Because the TLB and PTW state is labeled with  $\ell_{cur}$ , PTEs must be stored in a memory page with a label that flows to  $\ell_{cur}$ , and managed by software whose integrity is high enough. This restriction must be satisfied by the software that manages the page tables. One simple option is to label the memory pages for page tables with the least restrictive information-flow label,  $(C(\bot), I(\top))$ . The page table could also be compartmentalized, storing different fragments of the table with different labels to provide finer-grained protection.

#### 7 EVALUATION

We evaluated our HyperFlow prototype in various ways. Because downgrading and dynamic information-flow checks need special scrutiny to avoid security or functionality errors, we studied where and how often these features needed to be used. We also evaluated the power, performance, and area overhead incurred by the added information flow security mechanisms. And we evaluated the usability of the architecture by writing information-flow-rich code in the ISA.

## 7.1 Uses of downgrades

The RTL code for HyperFlow performs downgrades at various points. The design of ChiselFlow is intended to ensure that these downgrades are nonmalleable [6], as described in Section 5.3 and more fully in the supplementary material. As a result, the potential for these downgrades to cause harm is limited. Our formal results in the technical report imply that insecure information flows can only arise because of these downgrades [49]. A stronger result would prove that well-typed hardware implementations enforce a timing-sensitive variant of NMIFC. While we do not prove such a result, we expect that it should hold, because SIRRTL's rules for downgrades closely follow those used in a language proved to enforce NMIFC [6].

The downgrades are statically checked to be nonmalleable by the type system. Table 3 summarizes the uses of RTL-level downgrades.
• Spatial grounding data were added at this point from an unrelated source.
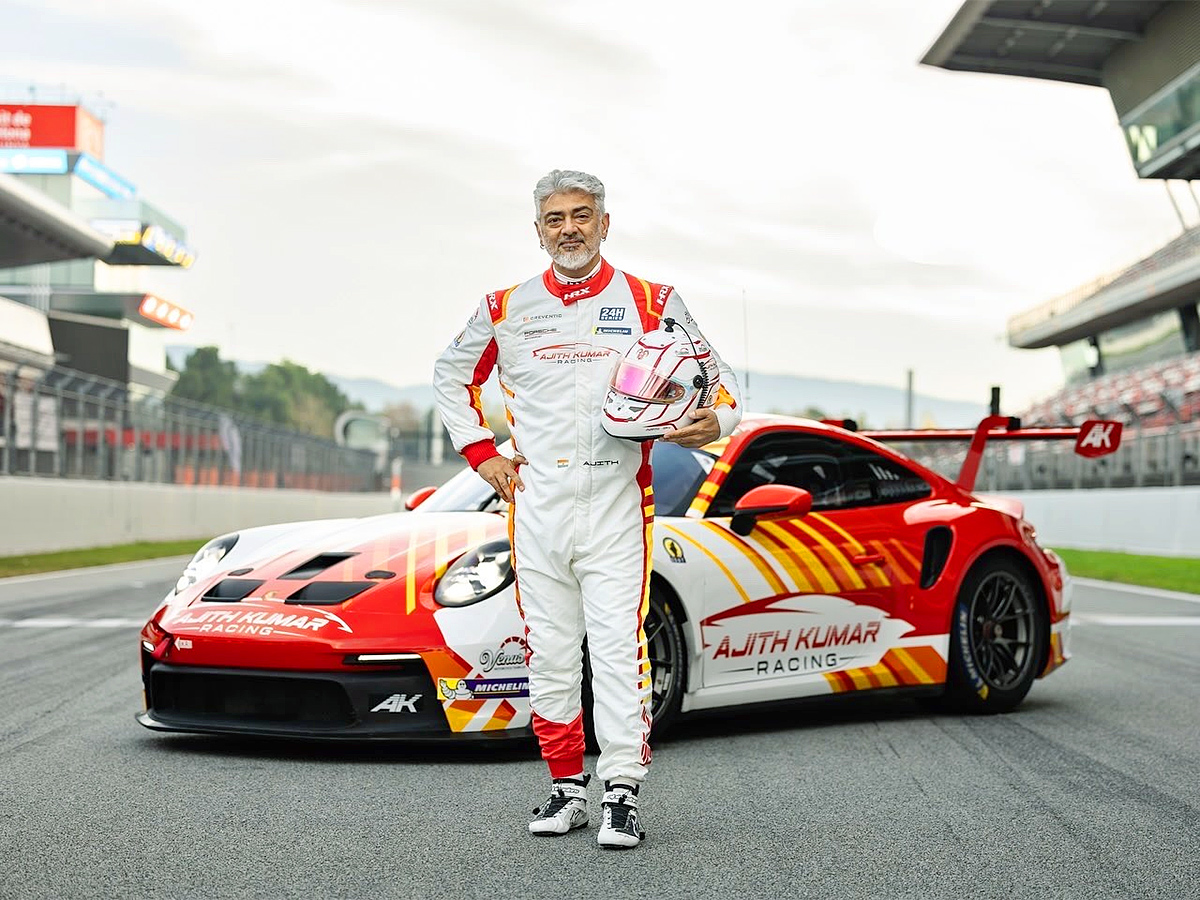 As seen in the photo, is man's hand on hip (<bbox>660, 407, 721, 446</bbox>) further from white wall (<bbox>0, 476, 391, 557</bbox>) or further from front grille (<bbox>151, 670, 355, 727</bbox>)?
white wall (<bbox>0, 476, 391, 557</bbox>)

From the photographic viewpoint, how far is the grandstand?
42.5 metres

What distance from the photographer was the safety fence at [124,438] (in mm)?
22891

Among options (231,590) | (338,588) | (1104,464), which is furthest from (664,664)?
(1104,464)

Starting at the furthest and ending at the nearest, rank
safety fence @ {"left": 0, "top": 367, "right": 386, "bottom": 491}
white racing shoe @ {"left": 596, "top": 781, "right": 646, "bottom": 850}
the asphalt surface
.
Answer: safety fence @ {"left": 0, "top": 367, "right": 386, "bottom": 491} < white racing shoe @ {"left": 596, "top": 781, "right": 646, "bottom": 850} < the asphalt surface

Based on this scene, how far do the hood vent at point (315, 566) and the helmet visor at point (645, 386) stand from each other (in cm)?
181

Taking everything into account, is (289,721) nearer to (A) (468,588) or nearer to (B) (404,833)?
(A) (468,588)

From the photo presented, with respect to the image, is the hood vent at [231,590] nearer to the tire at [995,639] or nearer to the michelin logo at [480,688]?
the michelin logo at [480,688]

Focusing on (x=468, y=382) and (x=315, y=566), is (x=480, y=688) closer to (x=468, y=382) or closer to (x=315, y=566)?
(x=315, y=566)

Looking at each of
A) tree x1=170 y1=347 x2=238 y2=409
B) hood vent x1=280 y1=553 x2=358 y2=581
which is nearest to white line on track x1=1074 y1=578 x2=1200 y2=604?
hood vent x1=280 y1=553 x2=358 y2=581

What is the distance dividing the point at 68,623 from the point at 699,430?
26.0 ft

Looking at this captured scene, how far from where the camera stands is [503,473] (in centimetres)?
485

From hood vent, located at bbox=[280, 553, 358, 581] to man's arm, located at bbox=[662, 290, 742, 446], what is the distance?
1.74 metres

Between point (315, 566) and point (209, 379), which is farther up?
point (209, 379)

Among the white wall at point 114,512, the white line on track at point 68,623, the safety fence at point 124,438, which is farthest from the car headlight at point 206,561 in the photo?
the safety fence at point 124,438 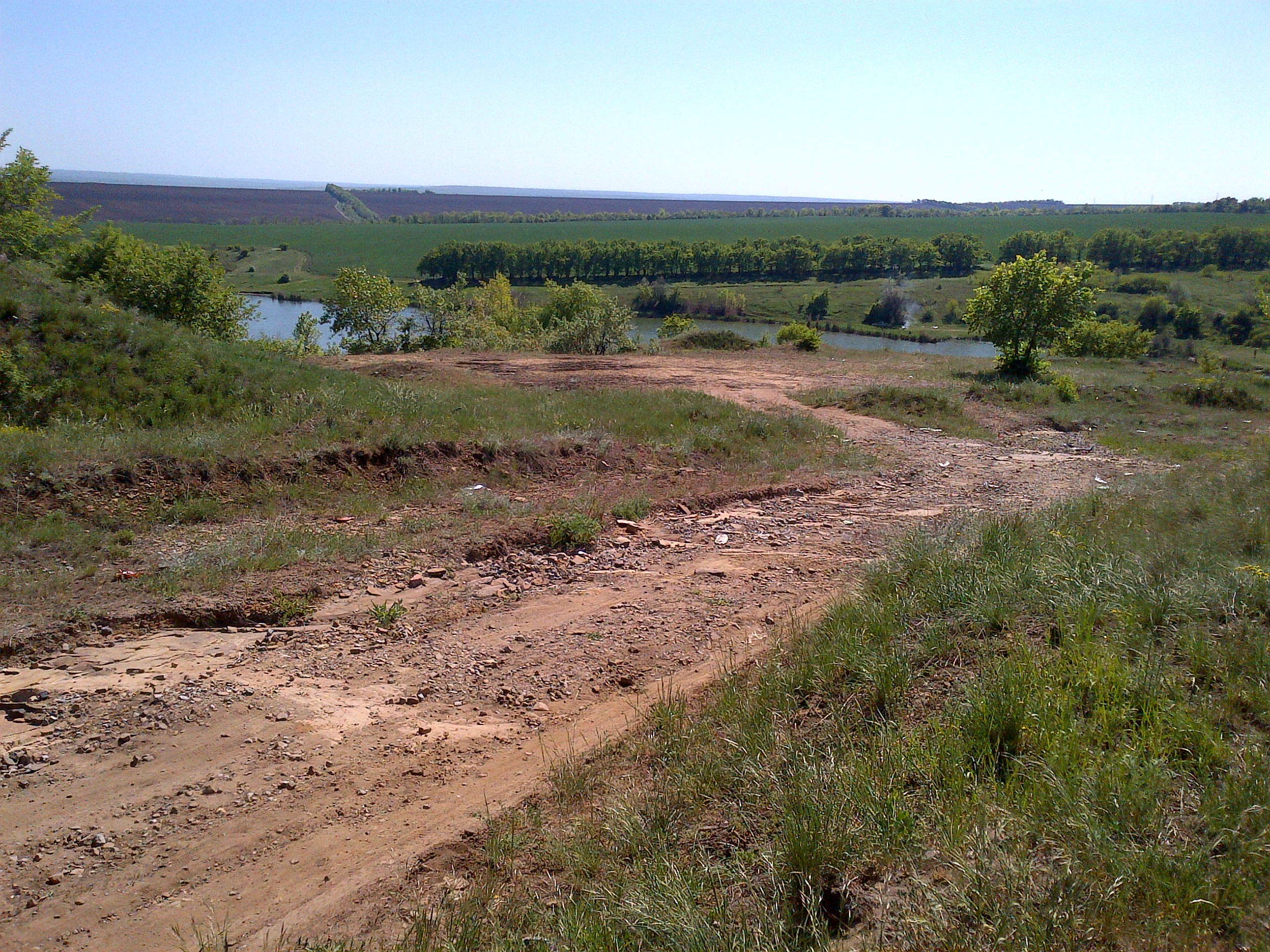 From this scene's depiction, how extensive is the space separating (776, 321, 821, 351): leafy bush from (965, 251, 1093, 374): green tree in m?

The first column shows the ISA-visible event to which the downgrade is tied, the second column states the number of downgraded expressions in the RTL code, and the third gives a brief description of what is downgraded. For all downgrades other than downgrades of data caused by explicit downgrade instructions, both an endorsement and a declassification happen.

We expand upon these descriptions here. When the processor resets (1), the register file tags are all initialized to  $(\bot, \top)$  and the registers are initialized to zero. This initialization requires explicit writes to the tags because the register file labels are implemented as a sequential memory that can be synthesized as a BRAM on an FPGA. However, this initialization is secure because the processor is initially public and trusted and boots public and trusted code. For convenience, copies from the FPU to the integer register file (2) are automatically downgraded if the labels of the data coming out of the FPU can be nonmalleably downgraded. When  $\ell_{cur}$  moves downwards in the lattice (3), it is possible for a single outstanding

|    | When is Information Downgraded                              | Number of Downgrades | What is Downgraded                                                  |  |
|----|-------------------------------------------------------------|----------------------|---------------------------------------------------------------------|--|
| 1  | On Reset                                                    | 1                    | Register tags (for initialization)                                  |  |
| 2  | FPU to Int instructions                                     | 1                    | Values copied from the FPU to integer registers (when nonmalleable) |  |
| 3  | $\ell_{cur}$ lowers                                         | 2                    | Presence of one outstanding finish coherence transaction            |  |
| 4  | Memory instructions 1 Address is downgraded to $\ell_{cur}$ |                      | Address is downgraded to $\ell_{cur}$                               |  |
| 5  | CSR file writes                                             | 1                    | Data written to CSR file is downgraded to $\ell_{cur}$              |  |
| 6  | DECLREG, ENDOREG                                            | 7 (1 + 3 each)       | Register contents, control signals, arguments                       |  |
| 7  | LWDWN                                                       | 2                    | RF writeback data, dcache bypass data                               |  |
| 8  | SWDWN                                                       | 1                    | P-store buffer data                                                 |  |
| 9  | DECLMEM, ENDOMEM                                            | 9 (1 + 4 each)       | Page contents, control signals, arguments                           |  |
| 10 | RSTLREG                                                     | 1                    | Control signal                                                      |  |
| 11 | REGLGATE                                                    | 8                    | Control signals, arguments, pipelined data labels                   |  |
| 12 | LCALL, LCALLR                                               | 3                    | Control signal, arguments, pc value                                 |  |
| 13 | LRET                                                        | 1                    | Control signal                                                      |  |

Table 3: Uses of Downgrades in HyperFlow.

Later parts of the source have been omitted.